Siamo in Lombardia nel bel mezzo dei secoli più bui del Medio Evo ed è quasi d’obbligo l’interrogativo manzoniano di don Abbondio: “Comacini, chi erano costoro?” Perché schiere di storici dell’arte hanno cercato non già di qualificare la loro impronta professionale ovvero le caratteristiche tecniche della loro “scuola” ovvero quello che ne qualifica l’importanza, perché questo non ha interessato gli storici dell’arte che dall’alto delle loro cattedre si sono cimentati soltanto nella ricerca di un astruso significato del loro nome piuttosto che delle origini del loro savoir faire?
L’ipotesi più logica e semplice sarebbe che il loro nome distintivo sia semplicemente relativo al loro luogo d’origine e questo è certamente il più probabile significato: Comacini (Commacini) uguale gente di Como. Troppo semplice e poco intellettuale per finire nei saggi di storia dell’arte. Forse non ci si ricorderebbe di loro se un Longobardo non avesse incluso nei suoi editti un “prezziario” delle opere edili: il Memoratorium de mercedibus commacinorum, attribuito a “re” Liutprando, i cui contenuti ritroviamo nelle trascrizioni ampiamente “restaurate” e arricchite dell’Editto di Rotari.
Perciò questi professionisti dell’edilizia sono su piazza almeno dal VII secolo. Forse a causa della loro fama, forse perché si parla solo di loro nei pochissimi documenti più volte trascritti e interpolati, che questi Maestri della cazzuola e del fratazzo siano semplicemente Comaschi non piace ai letterati perché se così fosse, addio approfondimenti filologici e dotte disquisizioni in cattedra dove il mattone non pesa. Fra le molte minuziose ricerche dell’origine del nome ci riferiamo, una per tutte, a quella di G. Cantino Wataghin “I magistri commacini (ancora una volta) – in Architecture, décor, organisation de l’espace – 2013.”

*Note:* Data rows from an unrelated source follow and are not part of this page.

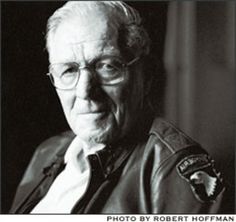 black and white photograph of an older man in leather jacket looking off to the side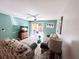 Comfortable living area with a ceiling fan and access to an outdoor patio area at 3473 Clark Rd # 171, Sarasota, FL 34231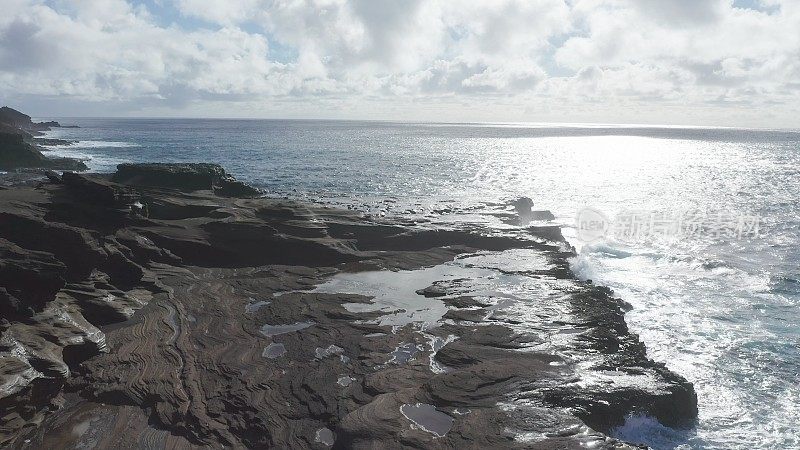 飞越火山峭壁。电影野生自然空中4K。透明的海水中缓慢运动的波浪。到美丽的夏威夷海滩进行户外探险旅行。阳光灿烂的夏日里，原封不动的大自然。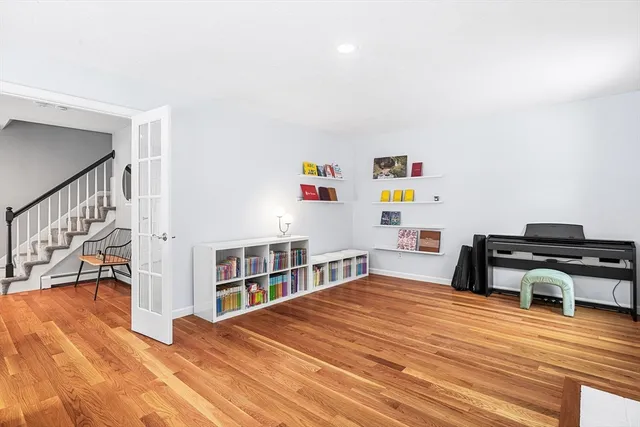 a bedroom with a bed and a book shelf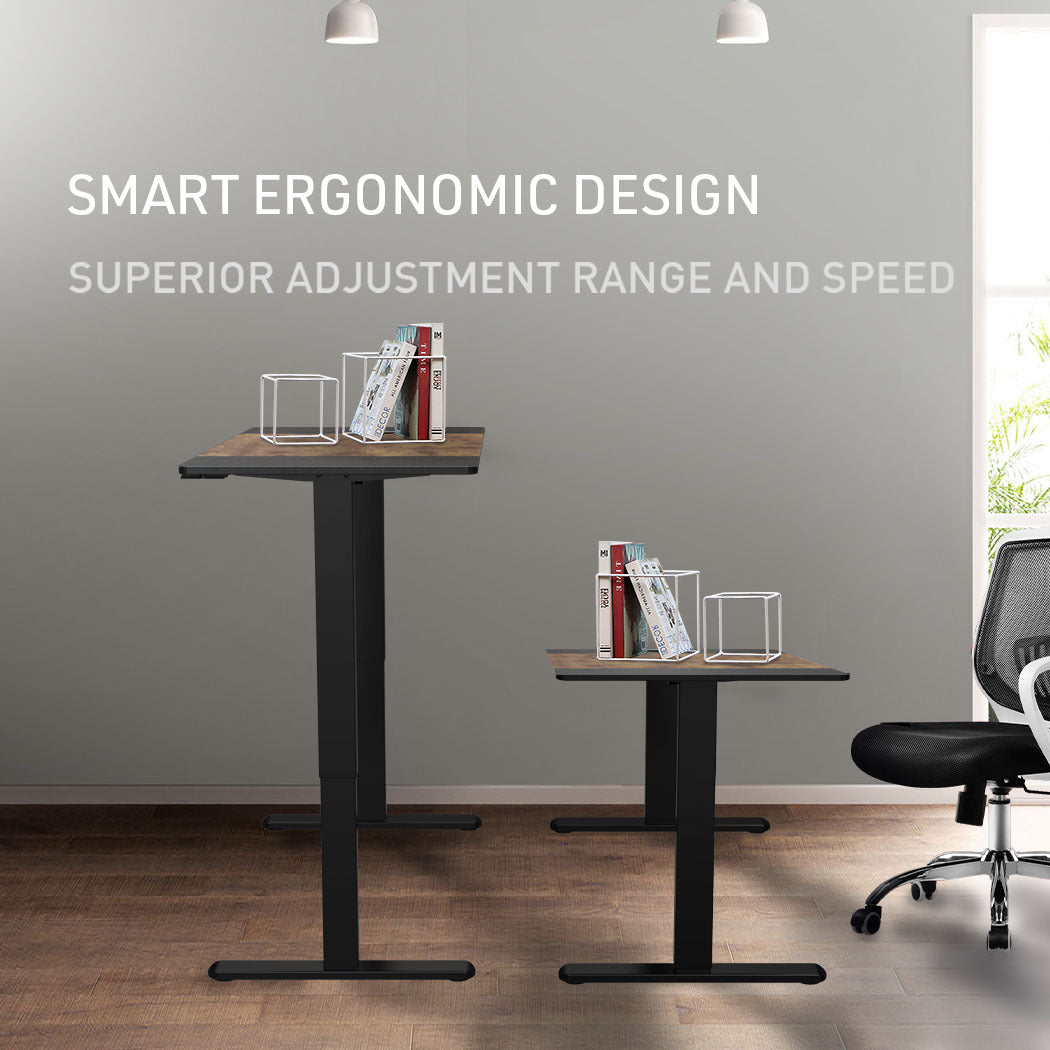 Fortia Sit To Stand Up Standing Desk, 140x60cm, 72-118cm Electric Height Adjustable, 70kg Rated, Oak Style/Black Frame - Cosy Abode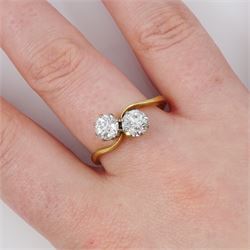 Gold diamond ring, crossover set with two old cut diamonds, stamped 18ct, total diamond weight approx 1.30 carat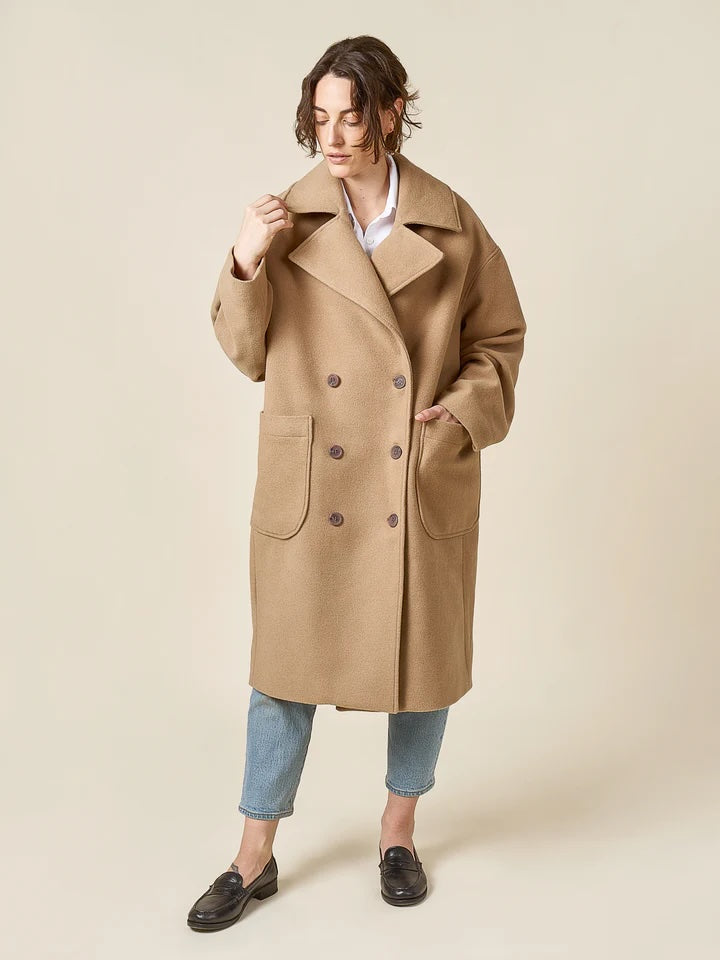 Woman wearing the Phoebe Coat sewing pattern from Closet Core Patterns on The Fold Line. A coat pattern made in melton, bouclé, tweed, felt, or boiled wool fabric, featuring an oversized silhouette, cocoon shape, dropped shoulder, double-breasted front, dramatic notched collar and lapel, two-piece sleeve, patch pockets, below-knee length, and full lining.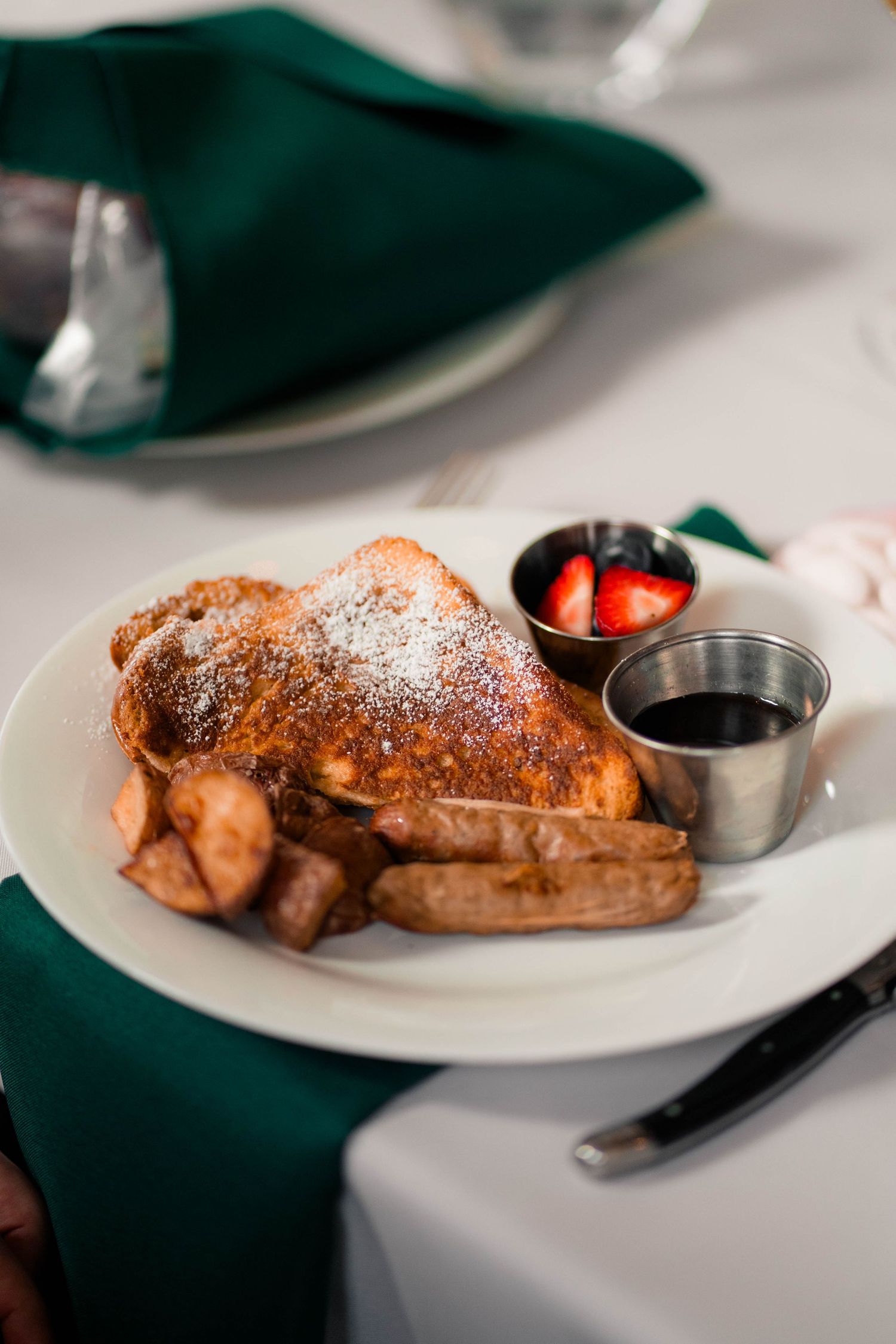 Golden French toast dusted with powdered sugar, served with sausage, fresh berries, and maple syrup.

L’opinione su cui hanno ricamato critici e storici dell’arte, è che il nome non identifichi una categoria di professionisti provenienti da una regione geografica, ma che sia invece un attributo qualificativo perché questi “specialisti” usano delle machinae come spiegherebbe addirittura Isidoro da Siviglia “machiones dicti a machinis, quibus insistunt propter altitudinem parietum”. L’aspetto delle macchine attecchisce e i Comaschi diventano “macchinisti”, operatori d’origine indeterminata che arrivano in cantiere “cum machinis”. Ė il caso di spendere qualche riga ad esaminare le conclusioni che sono fiorite sul nome. La Cantino Wataghin non manca di evidenziare la pluralità di significati della parola Machina nel latino classico, ma finiscono per rientrare tutti nella casistica tipologica dei “macchinari” come diremmo oggi, compresi quelli per sollevare carichi cioè “in altum quomodocumque tollendos, ad magna pondera movenda et transferenda”. Non cita il classico “Deus ex Machina” del teatro greco da Mechanè, lemma che tradurremmo senza incertezze come progenitore di “macchinario” ovvero manufatto caratterizzato dal poter compiere azioni dinamiche mediante componenti intrinseci alla sua costruzione.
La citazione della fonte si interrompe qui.